A Few Good Things


Economists have written any number of popular introductions to their field – Armchair Economist, Undercover Economist, Naked Economist, Economic Naturalist’s Field Guide,  Freakonomics, From Here to Economy and Tradeoffs all come to mind – but seldom do economists write about their own experience of the craft.

That’s why, as an economic journalist with some familiarity with the profession, I so liked The Apprentice Economist: Seven Steps to Mastery, by Filip Palda, of École Nationale d’Administration Publique, the public policy school of the University of Quebec.

The voice is pure Chicagoan.  The tone is hortatory, a friendly instructor in a good mood on a sunny day. Why else start with the Slutsky equation?

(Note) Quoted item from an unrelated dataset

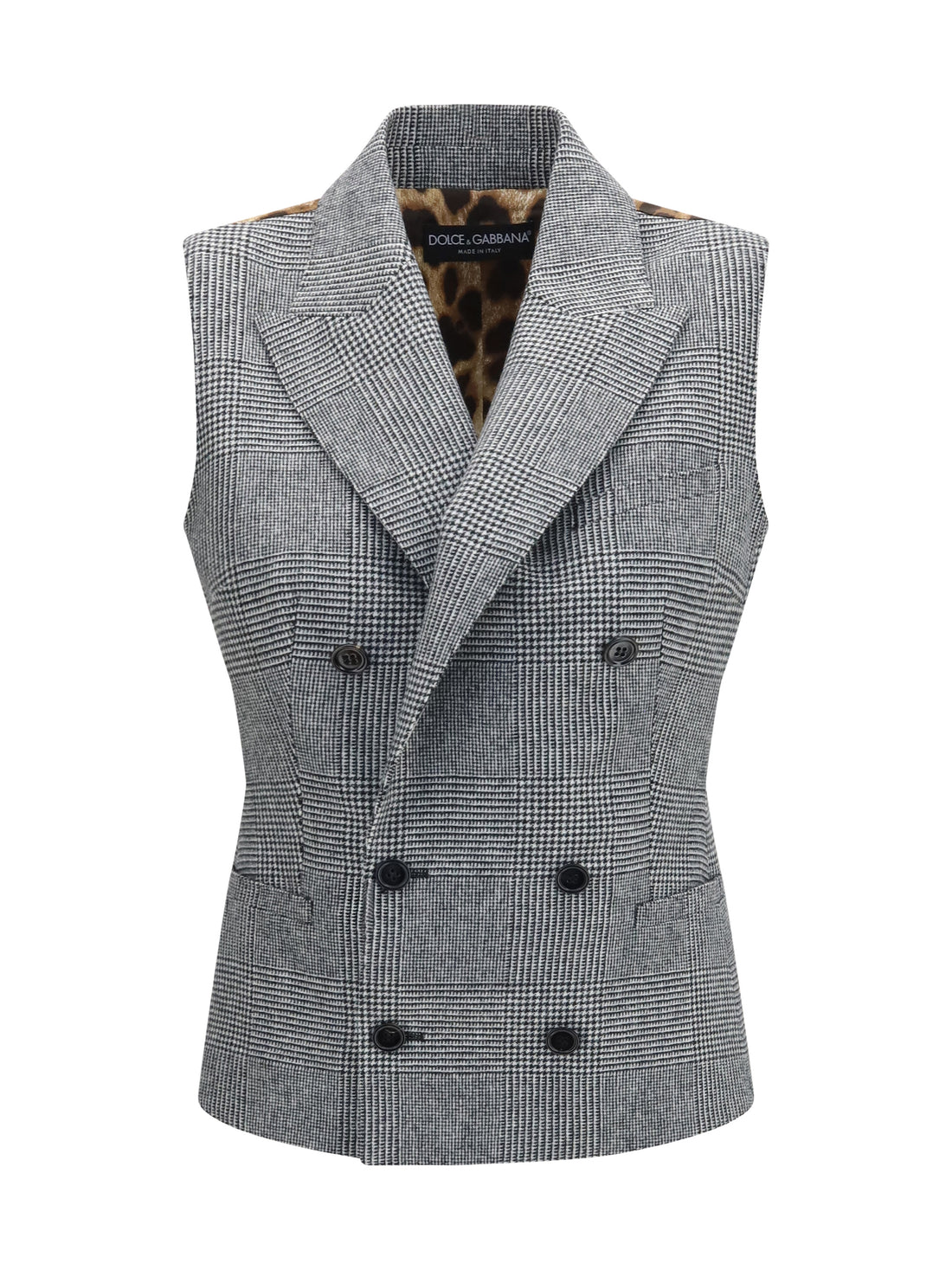 DOLCE &amp; GABBANA 40 prince of wales double breasted vest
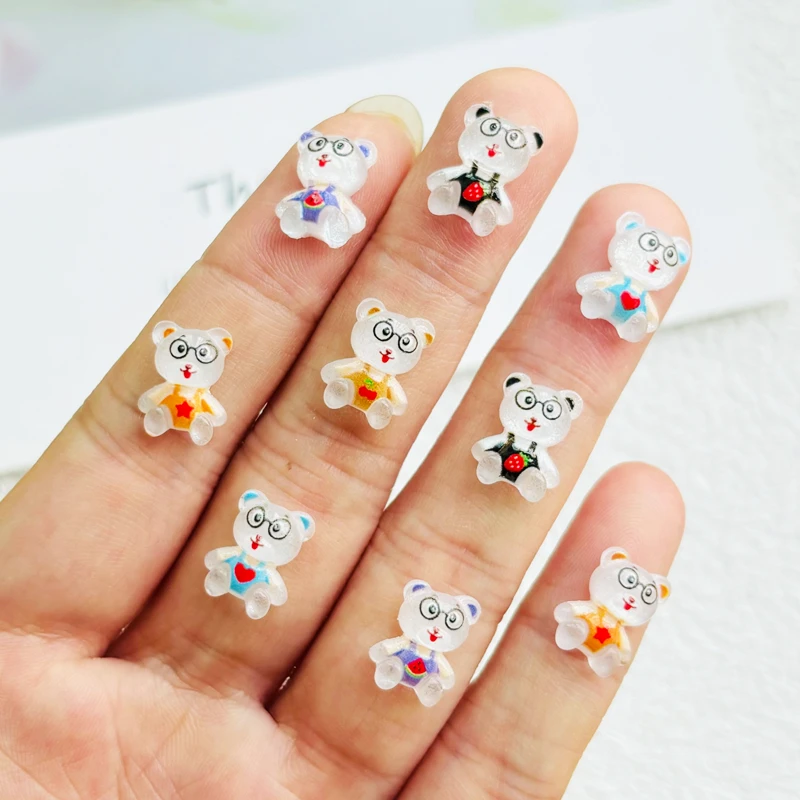 50 шт. новые милые маленькие Мультяшные очки с маленьким медведем из смолы плоским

The Slutsky equation was definitely not what sixteen-year-old Paul Samuelson was thinking about when he described learning the logic of price elasticity, substitution and marginal costs his first year at the University of Chicago, in 1932.

“I could not believe that the rest of the class were making heavy weather of such problems as what would be the effect on the price of kidneys of Minot’s discovery that liver cured anemia, or the effect on mutton price if Orlon were invented.”

In 1932, Samuelson would have been thinking about new mathematical descriptions of general equilibrium by John Hicks and R.G.D. Allen then appearing in London, and perhaps about Edward Chamberlin’s ideas in Cambridge, Mass. about monopolistic competition. – hot topics in the early Thirties.

Only after Eugen Slutsky’s 1915 paper, written in Kiev and submitted to an Italian journal was rediscovered did it become clear how superior were Slutsky’s mathematical treatments for calculating the interdependence of many different prices at the same time.  Slutsky’s paper was re-published in 1952 by the American Economic Association and ever since has been the standard textbook treatment of the central topic of demand theory.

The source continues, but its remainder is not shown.